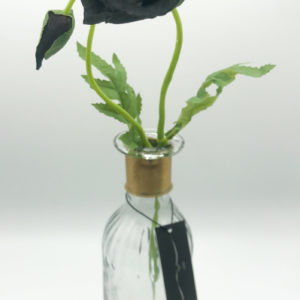 black wild poppy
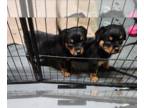Rottweiler PUPPY FOR SALE ADN-782078 - German extra large guardian Rottweiler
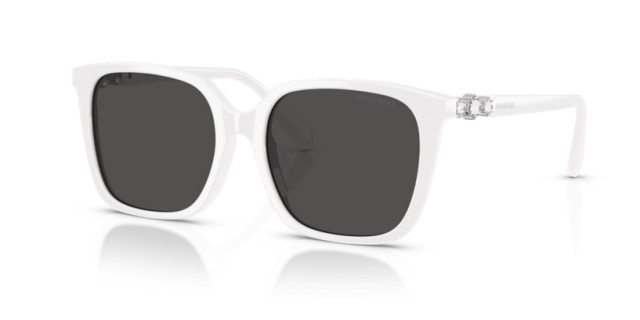 Swarovski SK6053D 105087 55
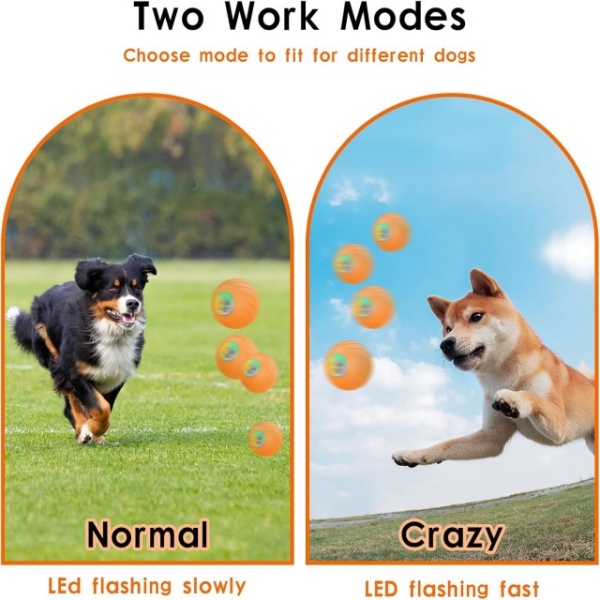 Dog Interactive Toys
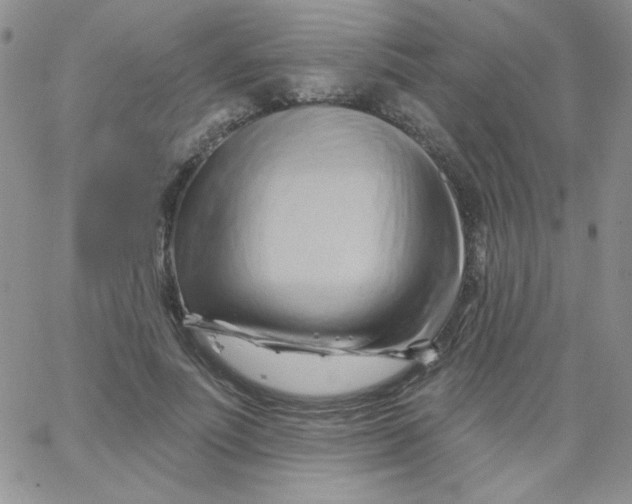 X0000062910691200602031857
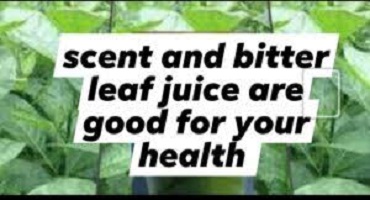 Health Benefits of Bitter Leaf and Scent Leaf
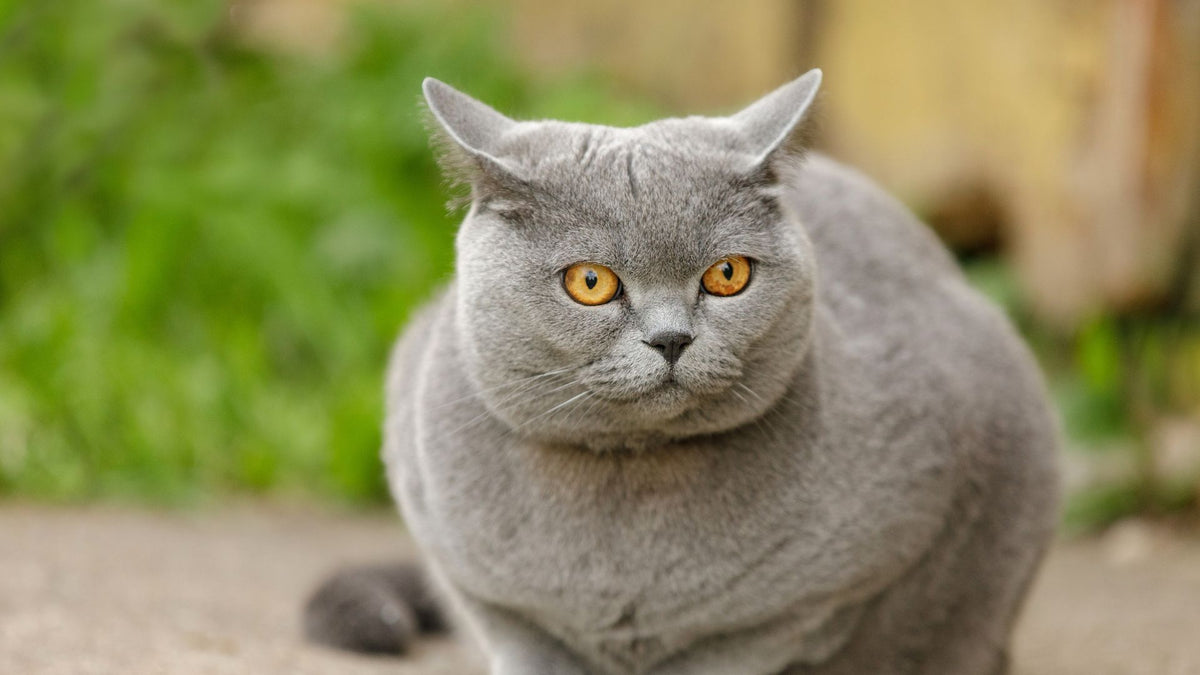 British Shorthair cat with a plush blue-grey coat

Try it -
Restate the entries word for word, though any image they contain should not appear.

Written reply -
 black wild poppy
Rottweiler PUPPY FOR SALE ADN-782078 - German extra large guardian Rottweiler
 Swarovski SK6053D 105087 55
 Dog Interactive Toys
 X0000062910691200602031857
 Health Benefits of Bitter Leaf and Scent Leaf
 British Shorthair cat with a plush blue-grey coat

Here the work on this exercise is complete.